Whilst the rule appears to make sense, it doesn’t really address the issue of when the borrowing would be paid back, and the structural surplus in the budget that would be required to do so. If an authority ducks the issue of raising the structural surplus, for which there is a major political incentive to do, then the result will be an accumulation of public sector debt, albeit structural debt. It is concerns about the accumulation of debt that lead observers to advocate balanced budgets.
The rationale for balanced budgets is that we should all live within our means. This is readily evident from the perspective of the Hausfrau, but is very different when applied to a national government. The government differs from households in three important ways. First, it can print its own money. The Hausfrau is not able to take a piece of paper, write ‘Five Euros’ (or whatever the currency is), and then compel everyone to accept that piece of paper as fair value in exchange. A government can. The electronic version of this – Quantitative Easing – is exactly what is happening today. The second difference is the power of taxation. The Hausfrau is not able to go into a shop, open the till, and take part of the shop proceeds. A government can – it’s called taxation. The third difference is that a Hausfrau is unable to manipulate the value of her obligations by controlling both the exchange rate and the internal rate of inflation. A government can manipulate the real value of its currency. It is absurd to say that a nation needs to live within its means when it has the ability to print its way out of debt, tax its way out of debt, and to inflate its way out of debt.
This is important when we consider our medium term economic futures. In many respects, both the US and the UK have worse debt positions than the Eurozone. And yet, it is the Eurozone that faces economic turmoil. This is because the US and the UK still have access to the three levers at a national level, whilst the Eurozone nations that are in trouble do not. The case of Greece is quite instructive here. The taxation of Greek society has gone to the point where any further fiscal tightening could seriously destabilise Greece as a nation. And yet there is more to do. Greece desperately needs to print money, but the ECB is prevented from functioning as a Central Bank by acting as a sovereign lender of last resort through the mutualisation of obligation. Greece urgently needs a monetary restructuring, either from an external devaluation or internal inflation, but the ECB is charged with acting to prevent this from happening.
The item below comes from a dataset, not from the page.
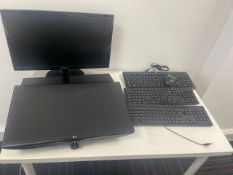 3x Monitors & Keyboards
Increasingly, the solution that seems to be gaining ground is for Greece to leave the Eurozone so that the Greek government can regain control of the two levers that the ECB presently denies them. This is not a foregone conclusion though, because it is still possible for other Eurozone nations to come to the aid of Greece through the mutualisation of obligation at the ECB.
In considering Greece, we hit upon an important limiting factor to the need for a body to balance its budgets, and that is the willingness of its lenders to continue lending to it. The issue of balanced budgets is being forced upon Greece, and not the US and the UK, because its lenders are increasingly reluctant to loan further funds. If the Greek creditors were confident in making further loans, then the issue of balanced budgets would be relegated from being most pressing to being one of a number of possible strategic vulnerabilities. Perhaps that is the biggest indictment of the Greek government – not having sufficient foresight in managing its strategic vulnerabilities.
But then, I would say that wouldn’t I? After all, I am a futurist, and that is what we do.